There is an interesting debate here. During the years of the progressive tide (the governments of Hugo Chávez, Lula, Nestor Kirchner, Evo Morales), a debate ensued over the role of the social movements, of the parties and political vanguards, and what kind of symbiosis should exist between them. That debate is ongoing.
Let’s take the case of Brazil. There is a strong social movement, there are left-wing parties, but the experiences from these years have also opened up questions over the vices that the left-wing parties learned from the right-wing parties. So, yes, it is a critique that is very necessary, and these rebellions will hopefully shake the foundations of all that which has revealed itself to have been inadequately constructed. If the parties are sufficiently self-critical they will listen and become better; those that do not will start to get left by the historical wayside, because that is history for you, you either position yourself to be or cease to be a political subject that is capable of living up to the aspirations of the people.
I come from Argentina where, in a few days (Dec. 10, 2019), there will be a change in government. Macri is leaving, which is not an insignificant thing seeing as how in four years he did everything he could to destroy the country. I am interested to know your reflections on how you all view this new Argentinian moment.

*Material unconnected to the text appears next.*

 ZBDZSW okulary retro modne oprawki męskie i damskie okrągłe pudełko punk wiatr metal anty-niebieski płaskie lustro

Macri’s defeat is a victory of the rising politicization of the Argentinian people, which has taken a qualitative leap and was expressed at the polls, but is best expressed in all those struggles of women, workers, young people, Indigenous peoples, and by the multiple demands made by society. Sometimes it is forgotten that elections do not exist in a vacuum but, instead, serve as a measure of struggles on other planes. That is the case with Evo or with the countless elections in Venezuela; if there were not a component of social struggle that politicizes, that organizes, that advances, well, you would not see the same electoral results. So, who reaps the electoral gains is one thing.

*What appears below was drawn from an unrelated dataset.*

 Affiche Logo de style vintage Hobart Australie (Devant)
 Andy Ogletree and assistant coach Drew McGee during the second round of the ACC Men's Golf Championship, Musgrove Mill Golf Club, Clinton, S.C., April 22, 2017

For example, the Bogotá Mayor’s Office was won by a woman from the Green Party; she has raised many hopes. To the degree that she lives up to these expectations she can even go on to become President. But, if she does not follow through on what people are expecting, then people have their own criteria by which to judge whether or not she held up her end of the bargain. The same thing can be said of Argentina. There is a large amount of social and political struggle that is becoming a flood and which is reflected, in part, in the electoral arena, but the government will have to choose, within its circumstances, which of those demands to take up and which not, that is wisdom. What we can say is that we are going to see further moments of struggle there.
Finally, we are in the year that marks the 100th anniversary of the murder of Rosa Luxemburg. Is the contradistinction between reform and revolution still a valid one for you?

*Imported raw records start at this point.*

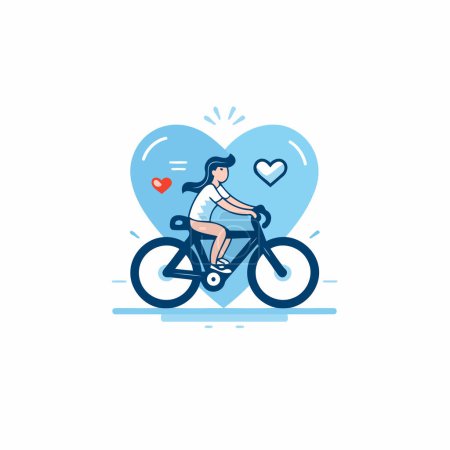 Téléchargez les illustrations : Illustration vectorielle d'une fille en vélo en forme de cœur. - en licence libre de droit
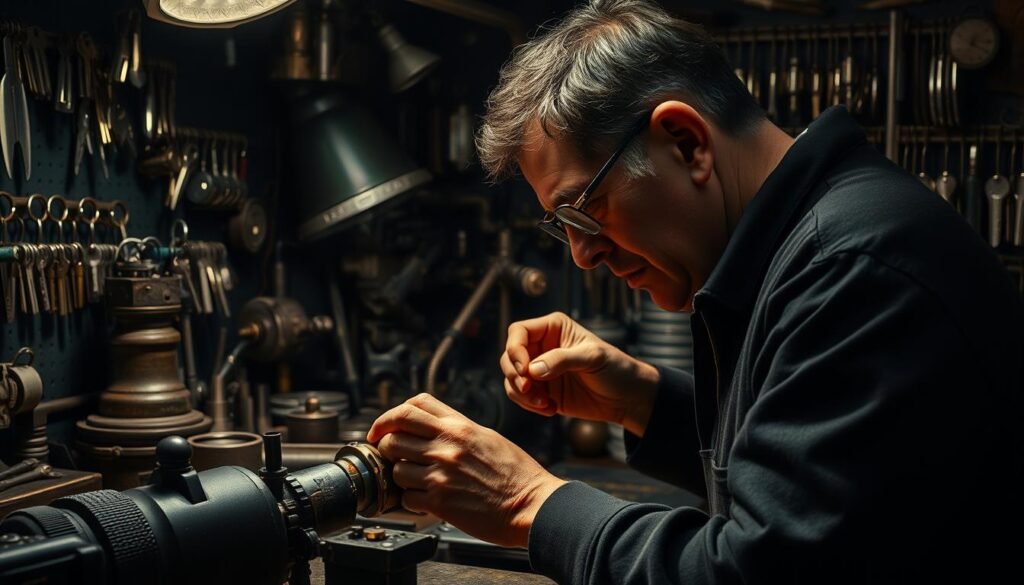 A dimly lit workshop filled with an array of specialized tools and equipment. A skilled locksmith works meticulously, analyzing the intricate mechanisms of a lock, their hands deftly manipulating the delicate components. The air is thick with the aroma of metal and oil, as the soft hum of machinery fills the space. In the background, a display of neatly organized keys, each one a unique tool for a specific task. The scene conveys a sense of precision, expertise, and the hidden complexities of the locksmithing craft. A dimly lit workshop filled with an array of specialized tools and equipment. A skilled locksmith works meticulously, analyzing the intricate mechanisms of a lock, their hands deftly manipulating the delicate components. The air is thick with the aroma of metal and oil, as the soft hum of machinery fills the space. In the background, a display of neatly organized keys, each one a unique tool for a specific task. The scene conveys a sense of precision, expertise, and the hidden complexities of the locksmithing craft.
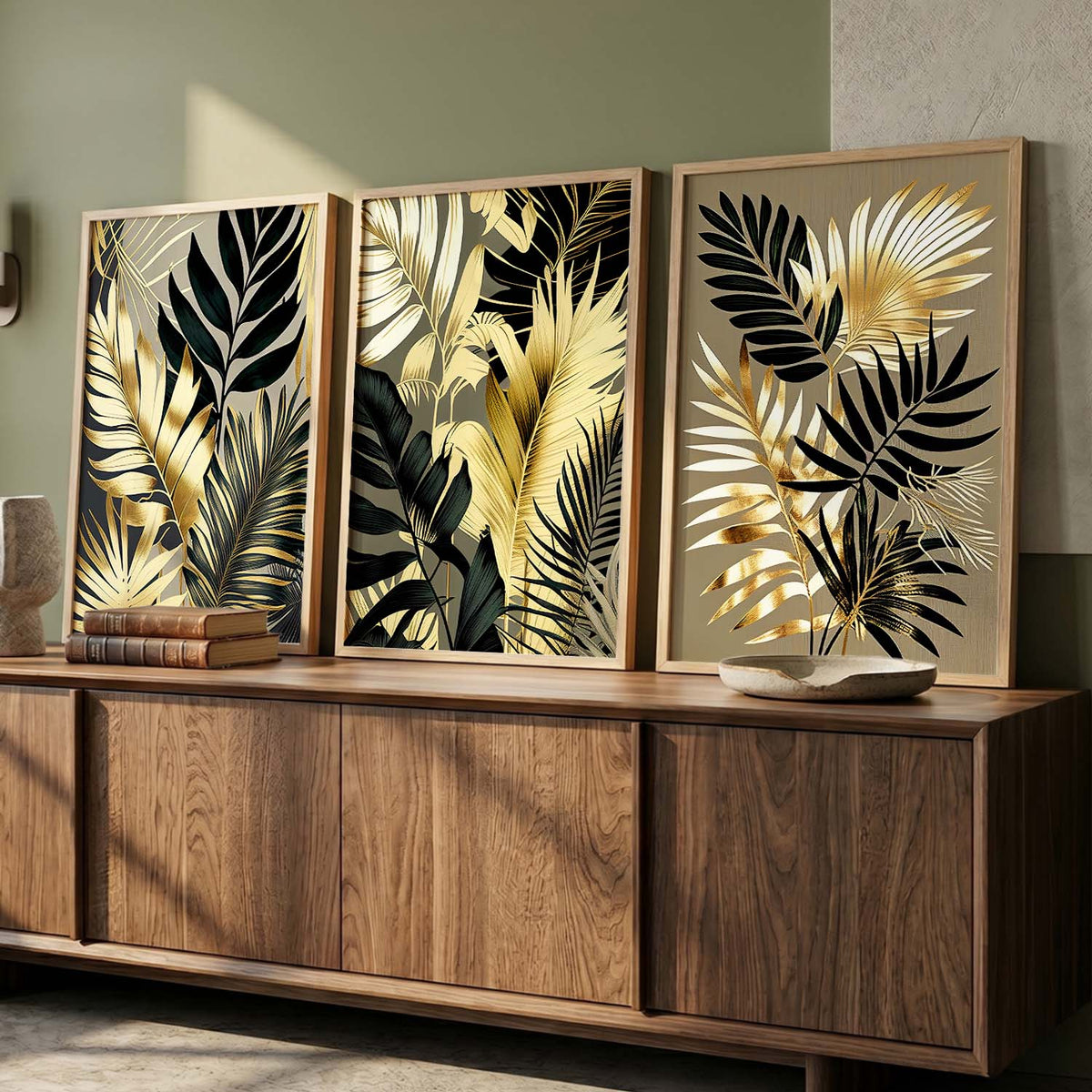 Framed Botanical Elegance - Leaf Printed Prints for Living Room Bedroom Home and Office Wall Decor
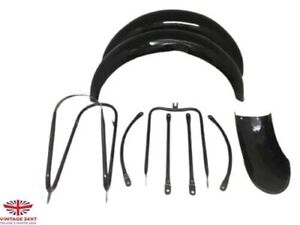 Fit For Norton Es2 Black Painted Front And Rear Mudguard With Stays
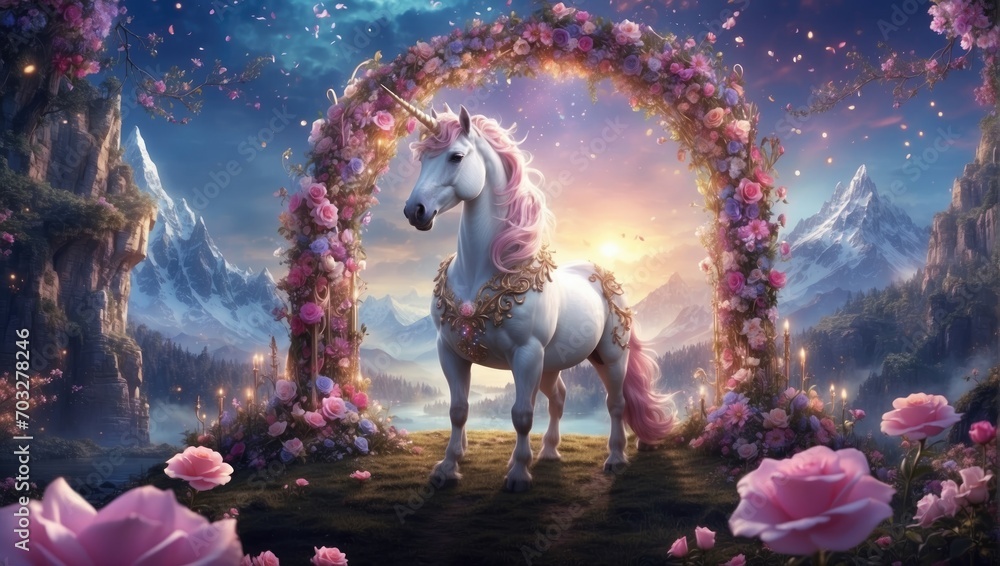 How about simply "Sparkling Horns: A Whimsical Unicorn's Tale"? - obrazy, fototapety, plakaty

Yes, for the following the reason. I am going to cite my own country as an example. Right now, there is a very strong fight against fracking as a means for oil production in Colombia, but the fight against fracking outside a socialist perspective, or of a new society, of an energy transition, of another economic model, is a lost cause. That is, every step one takes must have an overriding aim because, if not, it will go no further than reformism. However, if those long-term goals do not have medium-term goals preceding them they cannot be achieved either. Thus, an objective in itself is worthy to the degree that it is anchored in a strategic perspective, that is what will not allow it to be merely reformist.
Note: This article was published by Carlos Aznárez for Resumen Latinoamericano on November 17, 2019.